Long Branch – He has always proclaimed his innocence and stated that he had never sexualy assaulted his former friend and secretary. And now Joseph M. Ferraina, the retired Superintendent of the Long Branch Public Schools, is going to dispute the arbitrator’s decision that he pay $2.5 million and the school district pay an additional $2.5 million to settle the lawsuit filed by his accuser Adele Russo.
Last month, Norman J. Peer, a retired judge who was appointed as arbitrator in the case, looked at all the civil evidence collected over the past four years, including depositions, documents and interviews. That judge ruled that both the district and Ferraina should pay $4.5 million at a minimum to Russo, but they had 30 days to file if they disputed that finding.
Gary Fox, the attorney representing Russo, stated that he was not going to dispute the findings and he was satisfied with the arbitrator’s ruling. “We think this is a fair resolution of the issue,” said Fox at the time.
Ferraina is represented by Dominick Carmagnola of Morristown, who said that he felt the ruling was unfair and Russo never had a legitimate case against Ferraina. Supporters of the former superintendent have stated that he wants this case to go to trail and he will “fight it out to his last breath.”
Russo worked as a confidential secretary for Ferraina from 2003 to 2010. She was also dating one of the former superintendent’s best friends and business partners in buying a race horse at the time. Russo alleged that Ferraina started sexual assaulting her in his soundproof office in 2004. The assaults also took place off district grounds.
Ferraina has been praised for his ability to build new schools throughout the district during his tenure.

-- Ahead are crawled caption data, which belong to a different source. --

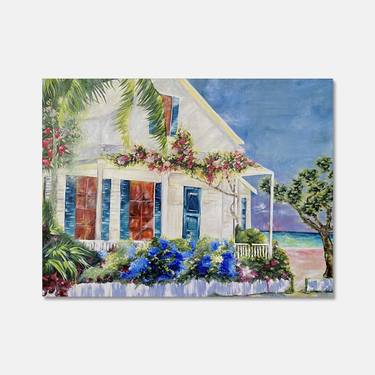 Large Painting On Canvas Original Carribean Beach Artwork ,Surreal Landscape ,Wall Art Windy Painting, Original Acrylic Landscape Painting thumb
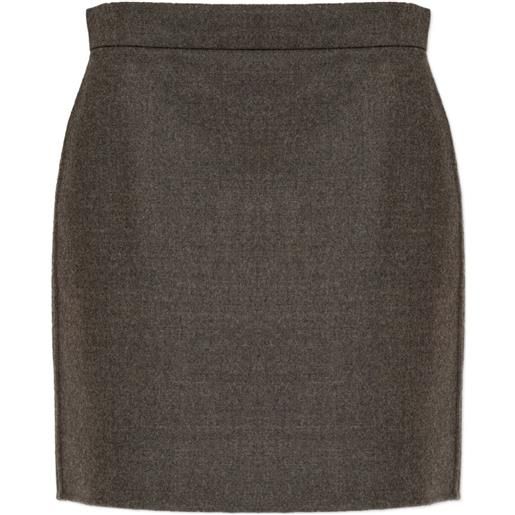 Max Mara short felted wool skirt - mud - marrone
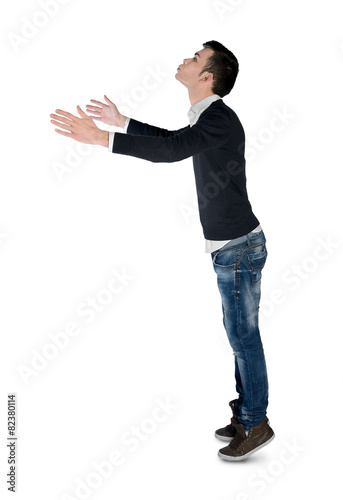 Young man kiss something side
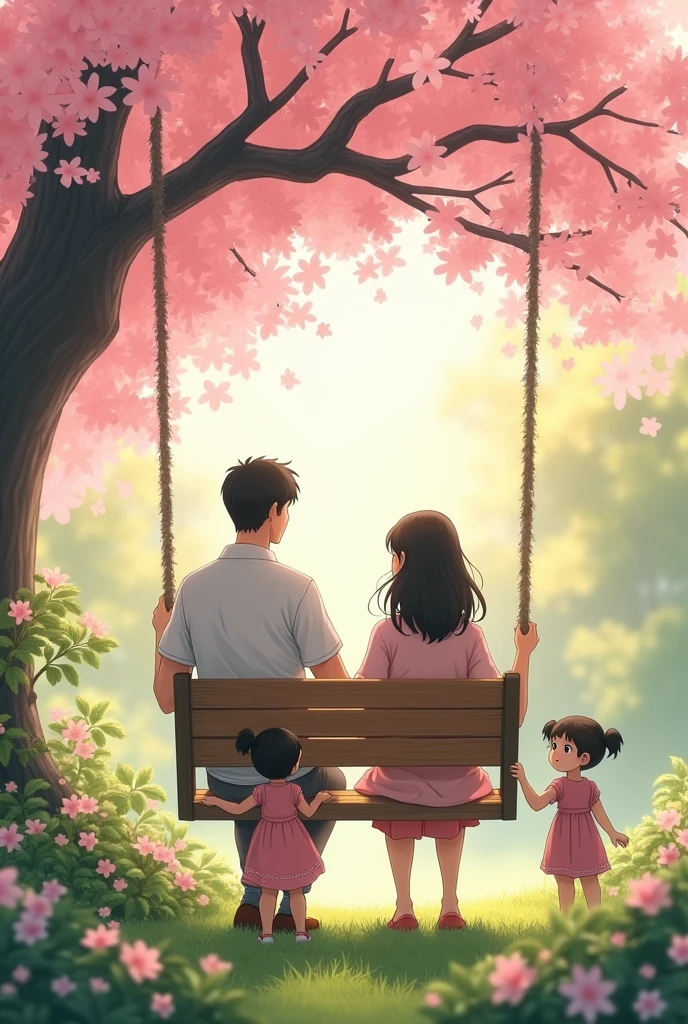 Husband and wife with twins in a garden under a Sakura tree, the wife sitting on a swing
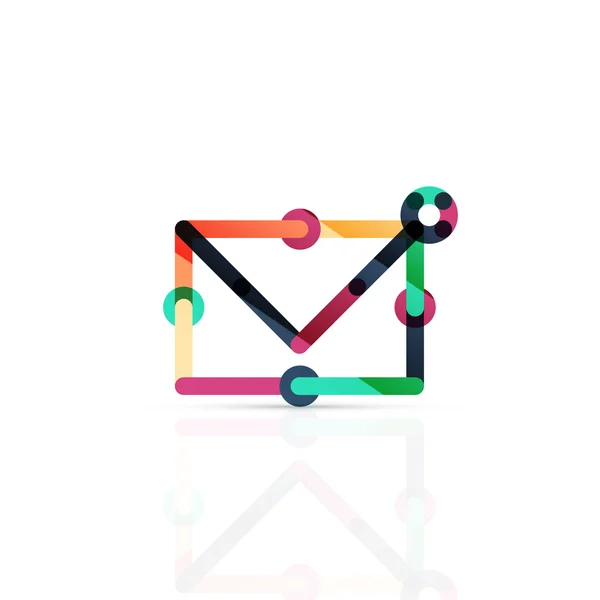 Símbolo de negocio de correo electrónico vectorial, o en el logotipo signo. Diseño lineal minimalista de iconos planos — Vector de stock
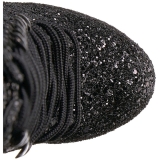 Zwart glitter 18 cm ADORE-1020G dames enkellaarsjes met plateauzool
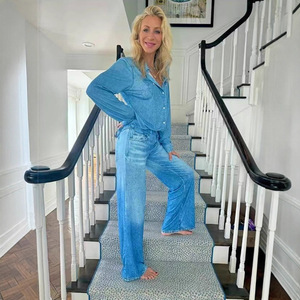 Set Due Pezzi in Denim alla Moda per Donna: <span class=keywords><strong>Camicia</strong></span> a Maniche Lunghe e Pantaloni a Gamba Larga, Completo Coordinato Streetwear <span class=keywords><strong>Femminile</strong></span> - Product Image 3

Long Branch was an “Abbot District” meaning it was receiving state aid to assist in educating the students, and Ferraina had a salary package of $300,000 a year. He was also quoted as “Never taking a sick or vacation day” and was receiving an additional average of $68,000 a year for those unused sick and vacation days approved by the Board of Education. Yet, Ferraina was traveling to Argentina, Italy, and Puerto Rico with other staff member during spring breaks.
Attempts to reach attorneys representing the LBPS went unanswered. The district has not released any figures on how much money or man-hours has been spent defending this lawsuit over the past four years. Under the terms of the former superintendent’s contract, the district has to pay for his private legal defense in the civil lawsuit.
Over the summer the Monmouth County Prosecutor’s Office held a grand jury to see if they had enough evidence at that time to charge Ferraina criminally. A no bill was handed to the prosecutor, which means the grand jury at that time felt the evidence provided was insufficient to establish the commission of a crime. There is no double jeopardy ruling with a grand jury, so if additional evidence is uncovered in the future another grand jury can hear the case.
Fox stated that he had one case with two defendants, Ferraina and the Long Branch Board of Education. Both had 30 days to dispute the arbitrator’s ruling. It is unclear what would have occurred if one objected and the other agreed.